そうです。2つの理由が考えられます。1つは、大企業がスコープ3のGHG排出量を開示するため、サプライヤーに対してまずはスコープ1、2のGHG排出量を開示するよう求める動きが加速すると考えられるからです。もう1つ、金融機関が投融資先のGHG排出量を把握する動きが出てくるためでもあります。GHG排出量の算定手法を開発する金融機関の国際組織「PCAF」には世界300以上の金融機関が加盟し、その中には国内のメガバンクや大手保険会社など20社以上が含まれています。地方銀行の加盟も相次いでおり、金融機関が投融資先に対してGHG排出量の開示を求める動きは、中小企業にも広まっていきそうです。
話題をESG投資に戻します。ESGへの配慮は、不動産の世界でも投資の考え方としてすでに浸透しているのですか。
はい。不動産セクターのESG配慮を年次で計測するベンチマーク評価として「GRESB(グレスビー)」という仕組みが、PRIを主導した欧州の主要年金基金グループを中心に早くも2009年に創設されました。ESG配慮は長期的な株主価値の向上に寄与するという考え方の下、投資判断や投資先との対話に活用されています。
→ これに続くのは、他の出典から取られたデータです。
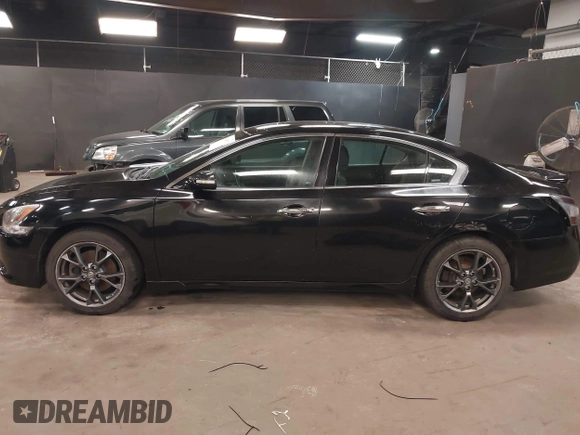 2012 Nissan Maxima S с VIN 1N4AA5AP9CC863172, выставлен на аукционе IAAI как лот 42120073 с пробегом 102 500 миль миль и . История ставок и продаж доступна на DreamBid. Изображение 14.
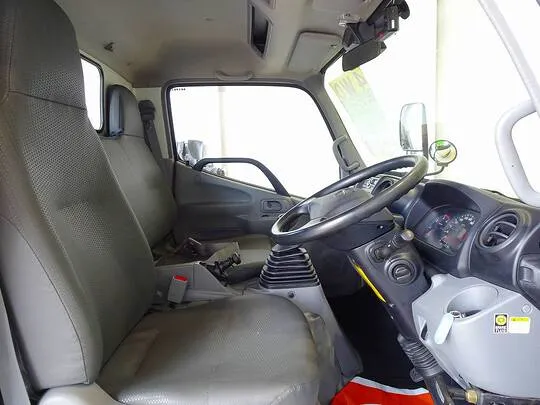 【年次点検済】デュトロ 3t 4WD 高床 標準ロング アルミブロック タダノ4段クレーン付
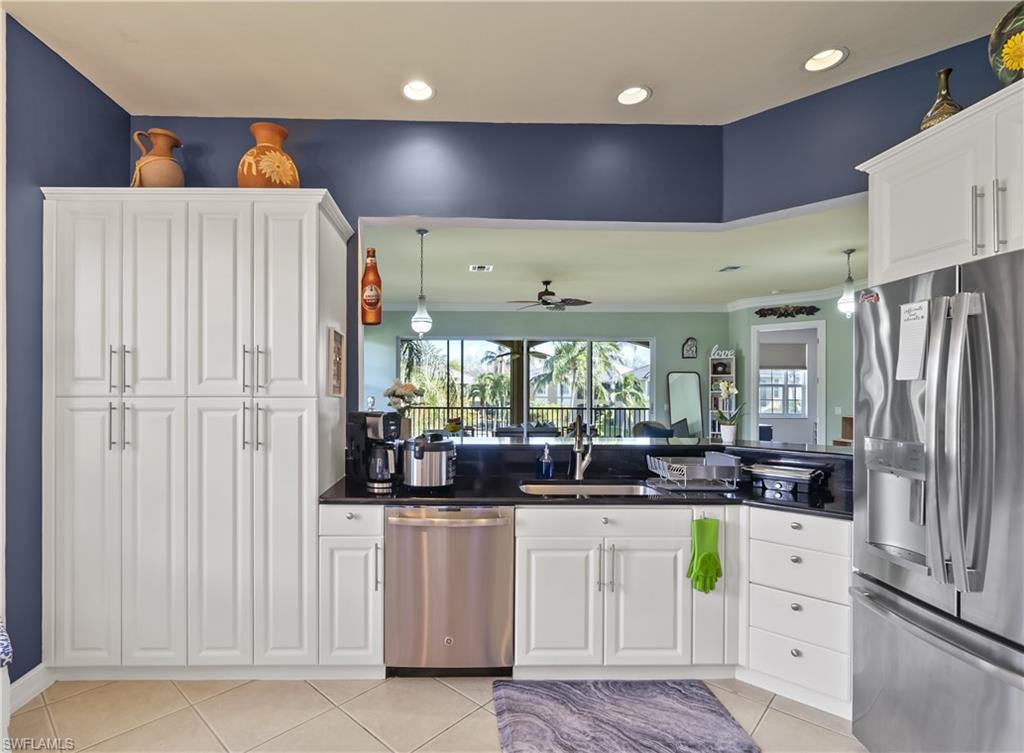 5021 Maxwell Circle # 201 Cir #3 201, Naples, FL 34105 photo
評価対象は、個別の不動産ではなく、投資法人や不動産会社など不動産に投資する組織とそのポートフォリオです。2022年の評価では、参加機関数は世界で1820、日本で122と、いずれも前年比10%以上の伸びを見せました。
GRESBでは木材利用に関する設問も用意しています。「建築資材の環境・健康に関する属性情報(の開示)を求めていますか」「資材の特徴に関する仕様を定めていますか」というものです。「資材の特徴に関する仕様」とは具体的には、「地場(国産)で採取または回収された資材」「カーボン・フットプリントの小さい資材(製造・輸送時なども含む)」「リサイクルが容易な材料や包装」「短期間で再生可能な資材やリサイクル含有資材」「第三者に認証された木材や木製品、利用した第三者認証の種類」といった内容です。
木材利用には環境面以外にも、例えば入居者の健康や快適性の向上というメリットも見込まれます。GRESBではそれらのメリットについても、「入居者の健康・快適性に貢献するデザイン的な特徴」や「バイオフィリック(自然共生)デザイン」という視点から問う設問を用意しています。